Under Siege
"This is pure, unadulterated evil."; "There was fire and smoke everywhere. It was surreal."; The terrorists flew on devil's wings in a horrifying moment, singular in history. They changed the course of a presidency, a nation, and, quite likely, the world
But that's just one challenge. The other is investigating the attacks on the Trade Center and the Pentagon, and the hijacking of the fourth jet that crashed in the rural hills of southwestern Pennsylvania, where heroic passengers apparently brought down a flight that might have been targeting the White House. The FBI has dubbed the inquiry Penttbom. One of the best leads so far is an acne-scarred little man named Mohammed Atta. The last day of Atta's life began shortly before the sun rose. At 5:43 a.m., at the near-empty airport in Portland, Maine, the reedy Egyptian bought a one-way ticket to Los Angeles, with a stopover in Boston. Precisely 10 minutes later, wearing a blue shirt and dark trousers, clutching a carry-on purse, Atta and another man walked through the airport's security checkpoint. At 6 a.m., the commuter jet, operated by U.S. Airways, took off for Boston. On board, the men sat one behind the other. At Logan, they didn't have long to wait. American Airlines Flight 11 was among the day's earliest departing flights. Once it was airborne, Atta and four accomplices commandeered the plane, wielding knives and box cutters. The hijackers diverted the jetliner and steered it south, along the Hudson River and over Manhattan. At 8:46 a.m., they rammed the Boeing 767 into the north tower of the World Trade Center, wings banked for maximum destruction.

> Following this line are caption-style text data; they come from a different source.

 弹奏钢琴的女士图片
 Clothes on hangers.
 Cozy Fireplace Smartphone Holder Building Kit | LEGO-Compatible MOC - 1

The main business in the hunt for Atta and the other terrorists now is to discover how their movements were directed and coordinated. Cannistraro, the former counterterrorism chief at the CIA, says U.S. intelligence agencies have identified most of the hijackers as having worked directly for al Qaeda, the shadowy organization led by bin Laden. "The conclusion at the CIA is that it was bin Laden," he said. "[Colin] Powell believes it. The president believes it."
The case is being assembled in increments. Back at Logan Airport, Atta's accomplices left an intriguing clue, a flight-training manual written in Arabic left inside a white, rented Mitsubishi Mirage. And they discovered something else. "[The FBI] found our address," says Dru Voss, a Florida woman who had rented out a room in their home to Atta and another man, Marwan Shehhi. Voss's husband, Charlie, once worked as a bookkeeper at Huffman Aviation, the flight school nearby. Voss said the two men stayed for just a week in July 2000. "They were very sloppy," she says, "so we kicked them out."
Within hours, FBI agents were swarming all over the flight school. There they learned that Atta and his housemate had plunked down almost $20,000 each for flying lessons. Atta resurfaced in Florida in mid-August, at the Palm Beach Flight School in Lantana. There he flew four-seat, single-engine planes for a couple of hours at a time. "Every time he came," says Owen Gassaway Jr., the airport operator there, "he was with a different friend."
One of the friends, his roommate Shehhi, took over the controls of United Airlines Flight 175, the plane that cameras captured crashing into the south tower of the World Trade Center, just 18 minutes after Atta crashed his plane into the north tower.